Romsey Abbey (interior)

ROMSEY  ABBEY  through the centuries by Judy Walker

Romsey Abbey through the centuries by Judy Walker

I enjoyed and recommend this book about Romsey Abbey as it is an easy to read book,

with plenty of facts and figures. It is also a good reference book.

The book can be purchased from Romsey Abbey, the Visitor Centre in Church Street

or possibly through a bookseller online like Amazon.

ISBN 0-9537679-0-6  published by Romsey Abbey Publications Tel: 01794  513125

The Benedictine Nunnery of Romsey 907 - 1539 AD

Picture Above:

Extract from leaflet which can be purchased at the Abbey bookstall


A Royal Foundation

According to tradition, King Edward the Elder, son of Alfred the Great,

founded a nunnery here about the year 907.

It is possible that the foundation was even earlier than that.

Royal connections remained strong for several centuries.

Why Benedictine?

In 966 King Edgar refounded the Romsey nunnery, along with many other religious houses and,

where there had been a variety of custom and ritual,

he brought them all under the rule of Saint Benedict.
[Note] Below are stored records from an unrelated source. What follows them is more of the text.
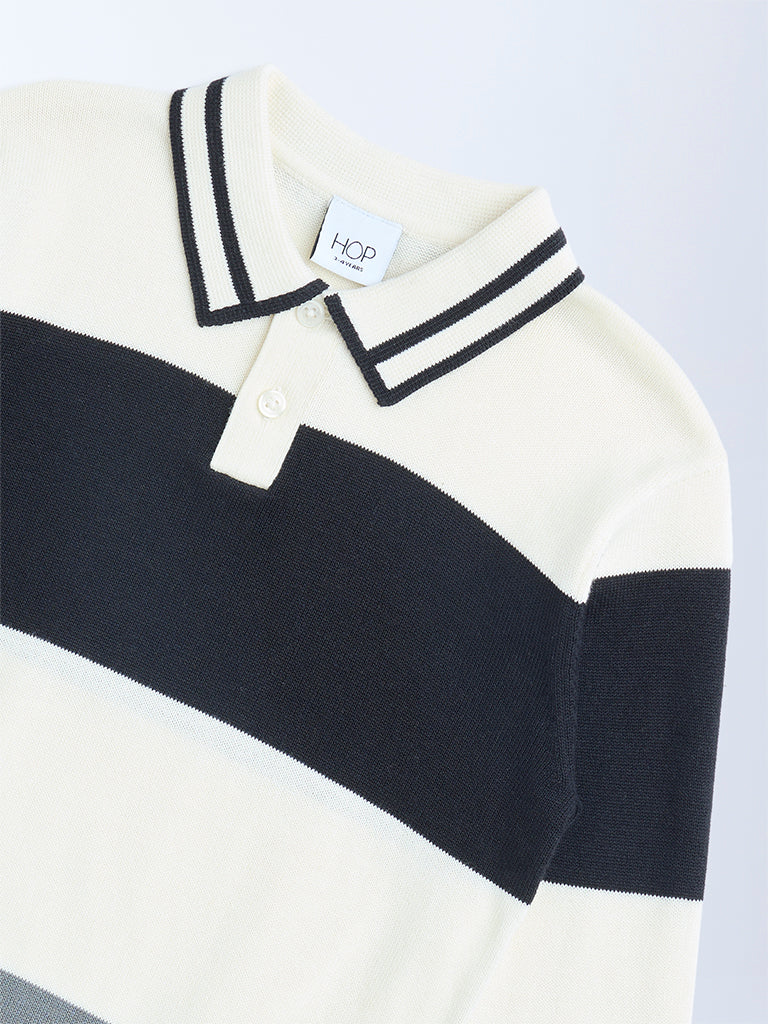 HOP Kids Black Colour-Blocked Cotton Polo Sweater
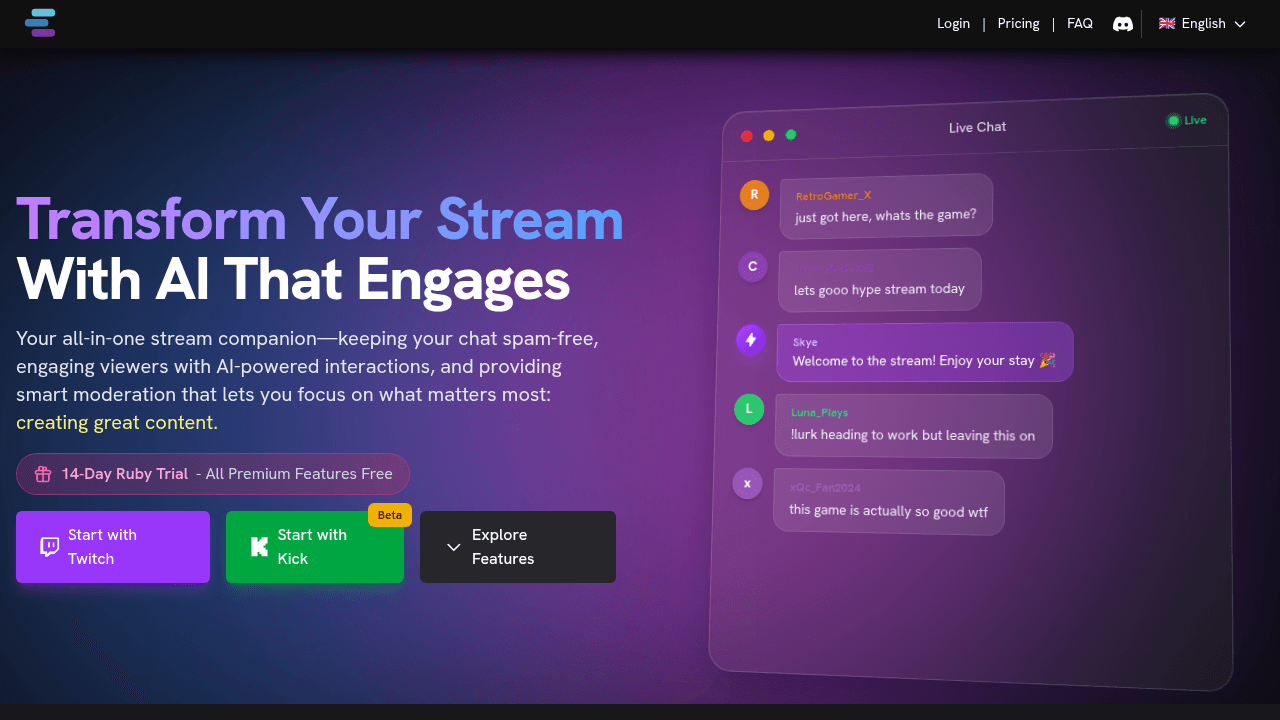 StreamChat AI interface screenshot showing main features and user interface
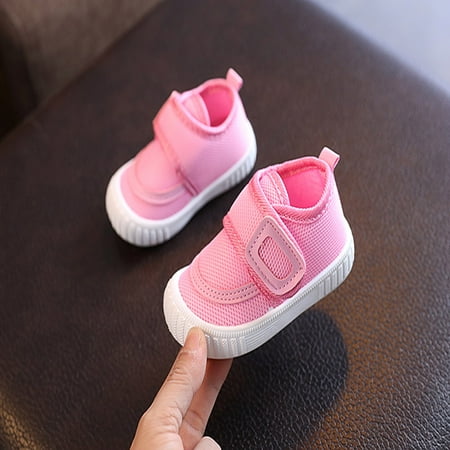 

TOWED22 Slippers For Toddler Girls Shoes Baby Woven Loafers Mesh Sports Toddler Color Shoes Solid Flying Baby Shoes Pink
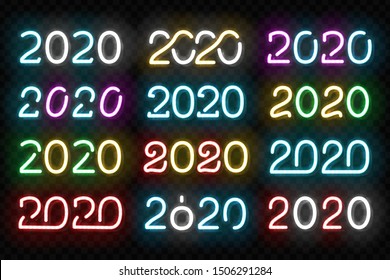 Vector set of realistic isolated neon sign of 2020 logo for template decoration and invitation covering on the transparent background. Concept of Happy New Year and Merry Christmas.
Some 500 years earlier in Italy, Saint Benedict had founded a community for men

(paralleled by a similar one for women founded by his sister, St Scholastica.

They are the central figures in the row of saints on the wooden screen

behind the alter in the North Transept).

Benedict wrote a rule for his community

which became the model for religious communities in the west.

In contrast with the ascetic extremes of the desert Fathers in the east,

the mark of Saint Benedict’s way of life was balance and moderation.

Worship, the ‘Opus Dei’, was central with seven short daily services

and a longer one in the middle of the night.

The rest of the day was divided between meditation and study, and manual work.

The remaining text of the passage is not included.